Forms for phone-based data entry largely adopted formats of existing paper registers used in health facilities for reporting bites, PEP use and rabies deaths. New forms were designed with livestock officers to report suspect animal cases, diagnostic samples submitted to laboratories, and operational details of vaccination campaigns. Forms were designed to minimize free typing, for example, by using radio buttons for multi-choice selection or drop-down menus (Fig 3). The application interface was adapted for local use, with information in the Kiswahili language, and prompts running across the phone screen to assist users . Forms included an option for users to send feedback. Users from the two sectors were trained together to improve familiarity amongst veterinary and medical officers of their respective roles and responsibilities, then registered and provided with configured phones (Fig 3). Prior to deployment, pilot data were collected to check system functioning and were reviewed for quality assurance.
Surveillance In Action
Since establishing the system in 2010, we have registered over 450 users from the human and animal health sectors stationed at the four health facilities per district that provide PEP through the control programme and all the district livestock offices. However, accounting for staff turnover and relocation, we maintain a user base of around 300 active users. In the five years since 2011, 29,595 reports were submitted. Most of these reports recorded bite patients seeking PEP (14,565 records, 49%), detailing visits of approximately 5,800 patients, who on average received 2.3 vaccine doses. Village-level vaccination campaigns accounted for 11,142 records (37%).

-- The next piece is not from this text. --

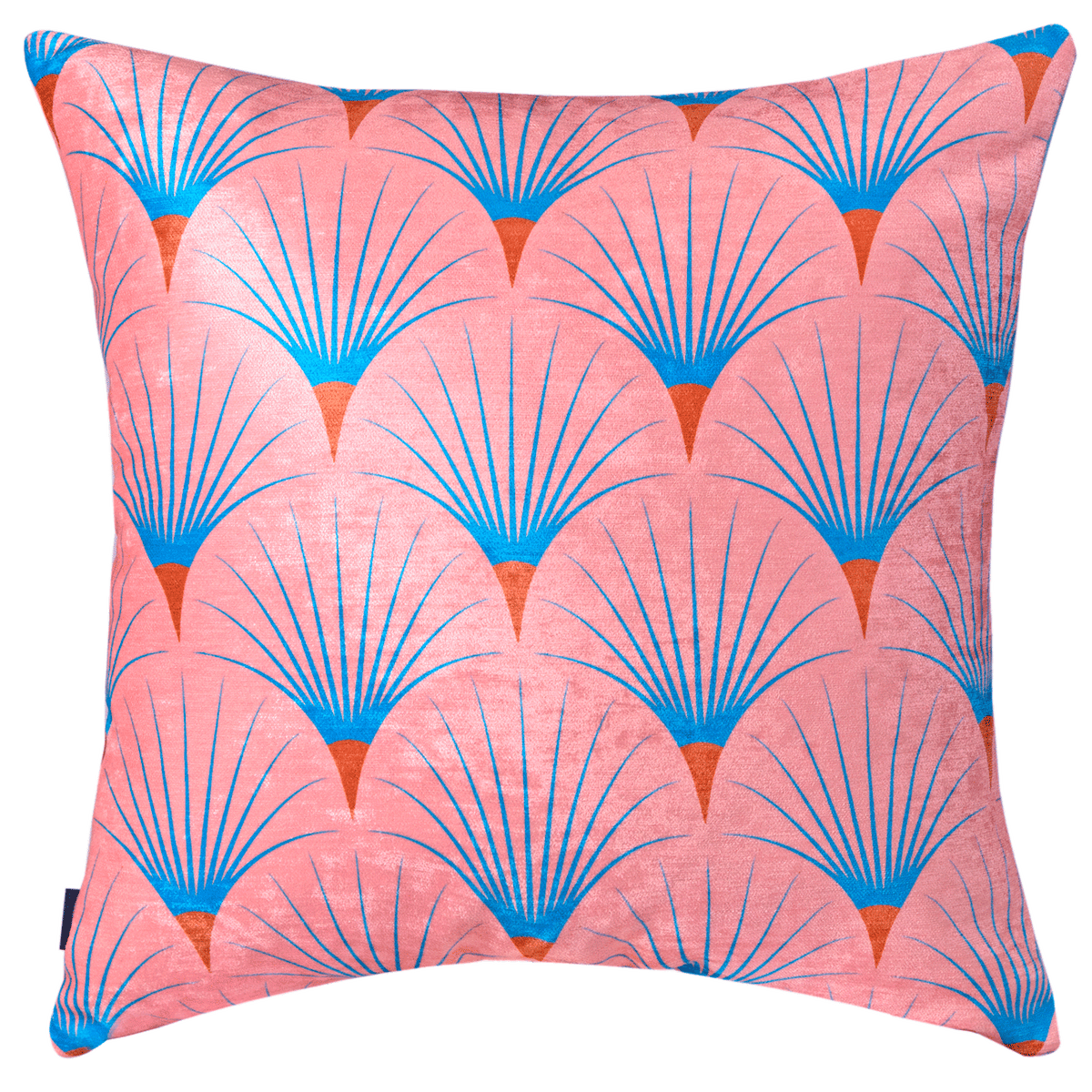 Cojin Mar de Cielo Animals Velvet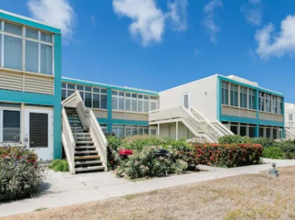 Sapphire Sanctuary by the Sea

By generating disaggregated and spatially localized data, the surveillance system allows detailed monitoring and evaluation of this large-scale control programme across sectors (Fig 1, S1 Data). Overall, the data show progressive increases in coverage and extent of mass dog vaccinations and also identify gaps in coverage. Incidence of bite patients seeking PEP declined substantially (>50%, Fig 1), and rabies has been eliminated from Pemba Island . These shared successes reported through stakeholder meetings have helped to reinforce the benefits of working across sectors and also highlight where action is needed. For example, the data reveal substantial improvements in health service provision overall, whilst allowing quantification of previously overlooked PEP supply shortages in some locations (Fig 1).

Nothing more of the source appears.